→ **Work instruction**: The entries should be given again in full. Alter nothing.

(Collected data)
******************************

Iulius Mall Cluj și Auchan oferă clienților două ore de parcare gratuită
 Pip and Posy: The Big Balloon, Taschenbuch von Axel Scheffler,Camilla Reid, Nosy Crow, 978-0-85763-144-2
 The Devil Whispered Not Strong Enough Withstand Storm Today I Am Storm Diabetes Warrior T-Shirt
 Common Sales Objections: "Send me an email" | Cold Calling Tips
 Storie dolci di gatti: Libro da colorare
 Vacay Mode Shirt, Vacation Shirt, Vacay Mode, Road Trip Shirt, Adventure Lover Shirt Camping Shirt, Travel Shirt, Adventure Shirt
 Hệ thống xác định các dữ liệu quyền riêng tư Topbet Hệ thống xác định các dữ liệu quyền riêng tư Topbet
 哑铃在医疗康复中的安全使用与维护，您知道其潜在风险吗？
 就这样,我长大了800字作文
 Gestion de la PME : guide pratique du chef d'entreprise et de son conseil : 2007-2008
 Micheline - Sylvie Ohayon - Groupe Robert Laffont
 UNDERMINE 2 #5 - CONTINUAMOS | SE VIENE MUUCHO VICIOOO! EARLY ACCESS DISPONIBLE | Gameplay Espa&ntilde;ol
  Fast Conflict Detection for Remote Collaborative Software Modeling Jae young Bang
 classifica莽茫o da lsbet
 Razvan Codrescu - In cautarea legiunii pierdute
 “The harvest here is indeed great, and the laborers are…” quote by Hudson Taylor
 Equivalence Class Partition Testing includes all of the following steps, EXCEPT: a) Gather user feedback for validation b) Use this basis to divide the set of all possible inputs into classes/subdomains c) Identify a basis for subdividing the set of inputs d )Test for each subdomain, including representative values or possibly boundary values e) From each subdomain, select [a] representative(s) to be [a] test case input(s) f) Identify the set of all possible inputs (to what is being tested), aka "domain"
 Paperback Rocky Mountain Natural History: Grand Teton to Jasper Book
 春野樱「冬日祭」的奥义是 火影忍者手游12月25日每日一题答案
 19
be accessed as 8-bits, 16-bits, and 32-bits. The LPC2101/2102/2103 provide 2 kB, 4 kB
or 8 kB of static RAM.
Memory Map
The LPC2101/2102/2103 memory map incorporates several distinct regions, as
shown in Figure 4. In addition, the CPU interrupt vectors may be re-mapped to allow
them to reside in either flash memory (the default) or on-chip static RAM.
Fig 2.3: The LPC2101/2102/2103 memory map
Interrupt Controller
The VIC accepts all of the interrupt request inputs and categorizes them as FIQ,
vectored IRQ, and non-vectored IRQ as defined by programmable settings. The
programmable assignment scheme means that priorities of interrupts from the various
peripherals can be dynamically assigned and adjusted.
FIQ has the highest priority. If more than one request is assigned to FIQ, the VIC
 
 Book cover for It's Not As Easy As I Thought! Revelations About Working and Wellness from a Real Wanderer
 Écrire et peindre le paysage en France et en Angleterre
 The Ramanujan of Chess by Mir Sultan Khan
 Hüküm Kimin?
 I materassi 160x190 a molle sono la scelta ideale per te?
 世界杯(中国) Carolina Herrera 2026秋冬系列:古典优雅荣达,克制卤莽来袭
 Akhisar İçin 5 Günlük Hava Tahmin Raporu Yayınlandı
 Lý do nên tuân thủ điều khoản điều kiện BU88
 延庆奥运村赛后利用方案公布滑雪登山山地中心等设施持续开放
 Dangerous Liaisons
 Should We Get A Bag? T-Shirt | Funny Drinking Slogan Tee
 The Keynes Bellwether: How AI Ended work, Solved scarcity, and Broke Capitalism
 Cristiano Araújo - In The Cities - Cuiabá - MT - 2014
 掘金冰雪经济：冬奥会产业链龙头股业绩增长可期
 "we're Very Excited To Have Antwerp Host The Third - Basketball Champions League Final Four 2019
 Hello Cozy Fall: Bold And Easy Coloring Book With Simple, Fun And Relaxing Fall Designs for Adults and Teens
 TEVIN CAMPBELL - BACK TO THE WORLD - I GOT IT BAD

******************************

→ **Completed exercise**:
Iulius Mall Cluj și Auchan oferă clienților două ore de parcare gratuită
 Pip and Posy: The Big Balloon, Taschenbuch von Axel Scheffler,Camilla Reid, Nosy Crow, 978-0-85763-144-2
 The Devil Whispered Not Strong Enough Withstand Storm Today I Am Storm Diabetes Warrior T-Shirt
 Common Sales Objections: "Send me an email" | Cold Calling Tips
 Storie dolci di gatti: Libro da colorare
 Vacay Mode Shirt, Vacation Shirt, Vacay Mode, Road Trip Shirt, Adventure Lover Shirt Camping Shirt, Travel Shirt, Adventure Shirt
 Hệ thống xác định các dữ liệu quyền riêng tư Topbet Hệ thống xác định các dữ liệu quyền riêng tư Topbet
 哑铃在医疗康复中的安全使用与维护，您知道其潜在风险吗？
 就这样,我长大了800字作文
 Gestion de la PME : guide pratique du chef d'entreprise et de son conseil : 2007-2008
 Micheline - Sylvie Ohayon - Groupe Robert Laffont
 UNDERMINE 2 #5 - CONTINUAMOS | SE VIENE MUUCHO VICIOOO! EARLY ACCESS DISPONIBLE | Gameplay Espa&ntilde;ol
  Fast Conflict Detection for Remote Collaborative Software Modeling Jae young Bang
 classifica莽茫o da lsbet
 Razvan Codrescu - In cautarea legiunii pierdute
 “The harvest here is indeed great, and the laborers are…” quote by Hudson Taylor
 Equivalence Class Partition Testing includes all of the following steps, EXCEPT: a) Gather user feedback for validation b) Use this basis to divide the set of all possible inputs into classes/subdomains c) Identify a basis for subdividing the set of inputs d )Test for each subdomain, including representative values or possibly boundary values e) From each subdomain, select [a] representative(s) to be [a] test case input(s) f) Identify the set of all possible inputs (to what is being tested), aka "domain"
 Paperback Rocky Mountain Natural History: Grand Teton to Jasper Book
 春野樱「冬日祭」的奥义是 火影忍者手游12月25日每日一题答案
 19
be accessed as 8-bits, 16-bits, and 32-bits. The LPC2101/2102/2103 provide 2 kB, 4 kB
or 8 kB of static RAM.
Memory Map
The LPC2101/2102/2103 memory map incorporates several distinct regions, as
shown in Figure 4. In addition, the CPU interrupt vectors may be re-mapped to allow
them to reside in either flash memory (the default) or on-chip static RAM.
Fig 2.3: The LPC2101/2102/2103 memory map
Interrupt Controller
The VIC accepts all of the interrupt request inputs and categorizes them as FIQ,
vectored IRQ, and non-vectored IRQ as defined by programmable settings. The
programmable assignment scheme means that priorities of interrupts from the various
peripherals can be dynamically assigned and adjusted.
FIQ has the highest priority. If more than one request is assigned to FIQ, the VIC
 
 Book cover for It's Not As Easy As I Thought! Revelations About Working and Wellness from a Real Wanderer
 Écrire et peindre le paysage en France et en Angleterre
 The Ramanujan of Chess by Mir Sultan Khan
 Hüküm Kimin?
 I materassi 160x190 a molle sono la scelta ideale per te?
 世界杯(中国) Carolina Herrera 2026秋冬系列:古典优雅荣达,克制卤莽来袭
 Akhisar İçin 5 Günlük Hava Tahmin Raporu Yayınlandı
 Lý do nên tuân thủ điều khoản điều kiện BU88
 延庆奥运村赛后利用方案公布滑雪登山山地中心等设施持续开放
 Dangerous Liaisons
 Should We Get A Bag? T-Shirt | Funny Drinking Slogan Tee
 The Keynes Bellwether: How AI Ended work, Solved scarcity, and Broke Capitalism
 Cristiano Araújo - In The Cities - Cuiabá - MT - 2014
 掘金冰雪经济：冬奥会产业链龙头股业绩增长可期
 "we're Very Excited To Have Antwerp Host The Third - Basketball Champions League Final Four 2019
 Hello Cozy Fall: Bold And Easy Coloring Book With Simple, Fun And Relaxing Fall Designs for Adults and Teens
 TEVIN CAMPBELL - BACK TO THE WORLD - I GOT IT BAD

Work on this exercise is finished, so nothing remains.